WORK TASK. Your output should be the line that contains "VOREM2018 - Vintage RC Racing" and all lines after it in the records, retyped exactly through the last one.

----- SUPPLIED DATA

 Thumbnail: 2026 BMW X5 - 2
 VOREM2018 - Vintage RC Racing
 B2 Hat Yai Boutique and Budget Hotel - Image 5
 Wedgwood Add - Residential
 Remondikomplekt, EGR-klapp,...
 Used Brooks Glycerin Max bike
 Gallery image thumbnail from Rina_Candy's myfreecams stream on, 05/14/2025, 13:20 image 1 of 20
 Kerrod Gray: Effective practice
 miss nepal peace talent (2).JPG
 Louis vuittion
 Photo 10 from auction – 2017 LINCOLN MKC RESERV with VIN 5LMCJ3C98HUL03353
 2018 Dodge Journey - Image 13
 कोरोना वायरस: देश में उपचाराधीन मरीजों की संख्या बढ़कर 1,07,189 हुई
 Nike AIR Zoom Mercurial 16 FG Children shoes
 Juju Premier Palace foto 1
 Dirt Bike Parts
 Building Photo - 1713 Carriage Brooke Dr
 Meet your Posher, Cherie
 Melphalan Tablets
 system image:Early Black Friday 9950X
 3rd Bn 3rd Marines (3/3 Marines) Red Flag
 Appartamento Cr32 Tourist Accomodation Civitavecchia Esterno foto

----------

SOLUTION.
 VOREM2018 - Vintage RC Racing
 B2 Hat Yai Boutique and Budget Hotel - Image 5
 Wedgwood Add - Residential
 Remondikomplekt, EGR-klapp,...
 Used Brooks Glycerin Max bike
 Gallery image thumbnail from Rina_Candy's myfreecams stream on, 05/14/2025, 13:20 image 1 of 20
 Kerrod Gray: Effective practice
 miss nepal peace talent (2).JPG
 Louis vuittion
 Photo 10 from auction – 2017 LINCOLN MKC RESERV with VIN 5LMCJ3C98HUL03353
 2018 Dodge Journey - Image 13
 कोरोना वायरस: देश में उपचाराधीन मरीजों की संख्या बढ़कर 1,07,189 हुई
 Nike AIR Zoom Mercurial 16 FG Children shoes
 Juju Premier Palace foto 1
 Dirt Bike Parts
 Building Photo - 1713 Carriage Brooke Dr
 Meet your Posher, Cherie
 Melphalan Tablets
 system image:Early Black Friday 9950X
 3rd Bn 3rd Marines (3/3 Marines) Red Flag
 Appartamento Cr32 Tourist Accomodation Civitavecchia Esterno foto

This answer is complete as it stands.